Wat is een determinant?
Matrices zijn wiskundige objecten die vormen transformeren. De bepalende factor van een vierkante matrix A, aangegeven | a |, is een getal dat het effect van een figuur samenvat op de grootte en oriëntatie van een figuur. Als [ a b ] de bovenste rijvector is voor a en [ c d ] is de onderste rij vector, dan | a | = AD-BC .
Een bepalende factor codeert voor nuttige informatie over hoe een matrix regio's transformeert. De absolute waarde van de determinant geeft de schaalfactor van de matrix aan, hoeveel deze een figuur uitrekt of verkleind. Het bord beschrijft of de matrix omdraait, waardoor een spiegelafbeelding wordt opgeleverd. Matrices kunnen ook regio's schiepen en roteren, maar deze informatie wordt niet verstrekt door de determinant.

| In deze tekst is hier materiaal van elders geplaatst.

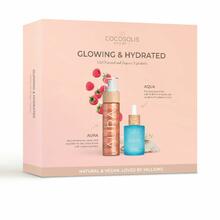 Näohoolduskomplekt COCOSOLIS Glowing & Hydrated (seerum Aqua Filler-Effect 50 ml + Aura Peptide Shimmer sprei 100 ml)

Rekenkundig wordt de transformerende werking van een matrix bepaald door matrixvermenigvuldiging. Als a een 2 × 2 -matrix is met bovenste rij [ a b ] en onderste rij [ c d ], dan [1 0] * a = [ a b ] en [0 1] * a = [ c d ]. Dit betekent dat A het punt (1,0) T neemto Het punt ( a, b ) en het punt (0,1) tot het punt ( c, d ). Alle matrices laten de oorsprong onbewogen, dus men ziet dat A de driehoek transformeert met eindpunten op (0,0), (0,1) en (1,0) naar een andere driehoek met eindpunten op (0,0), ( a, b ) en ( c, d ). De verhouding van het gebied van deze nieuwe driehoek tot de oorspronkelijke driehoek is gelijk aan | ad-bc |, de absolute waarde van | a |.
Het teken van de determinant van een matrix beschrijft of de matrix een vorm omdraait. Beschouwt de driehoek met eindpunten op (0,0), (0,1) en (1,0), als een matrix A het punt (0,1) stationair houdt terwijl het punt (1,0) naar het punt (-1,0) wordt gebracht, heeft het de driehoek over de lijn x = 0. zal negatief zijn. De matrix verandert niet de grootte van een regio, dus | a | moet -1 zijn om consistent te zijn met de regel dat de absolute waarde van | a | deSchrijft hoeveel A een figuur rekt.
Matrix Arithmetic volgt de associatieve wet, wat betekent dat ( v *a)*b = v *(a*b). Geometrisch betekent dit dat gecombineerde werking van het eerst transformeren van een vorm met matrix A en vervolgens het transformeren van de vorm met matrix B gelijkwaardig is aan het transformeren van de oorspronkelijke vorm met het product (a*b). Men kan uit deze observatie afleiden dat | a |*| b | = | A*b |.
De vergelijking | a | * | B | = | A*B | heeft een belangrijk gevolg wanneer | a | = 0. In dat geval kan de actie van A niet worden ongedaan gemaakt door een andere matrix B. Dit kan worden afgeleid door op te merken dat als A en B omgekeerd waren, dan (a*b) geen regio uitrekt of omdraait, dus | a*b | = 1. Sinds | a | * | B | = | A * B |, Deze laatste observatie leidt tot de onmogelijke vergelijking 0 * | B | = 1.
De omgekeerde claim kan ook worden getoond: als a een vierkante matrix is met niet -nul determinant, dan heeft a een inverse . Geometrisch, dit is de actie van elke matrix die geen afvlaktregio. Het persen van een vierkant in een lijnsegment kan bijvoorbeeld ongedaan worden gemaakt door een andere matrix, het inverse genoemd. Een dergelijke inverse is de matrixanaloog van een wederkerige.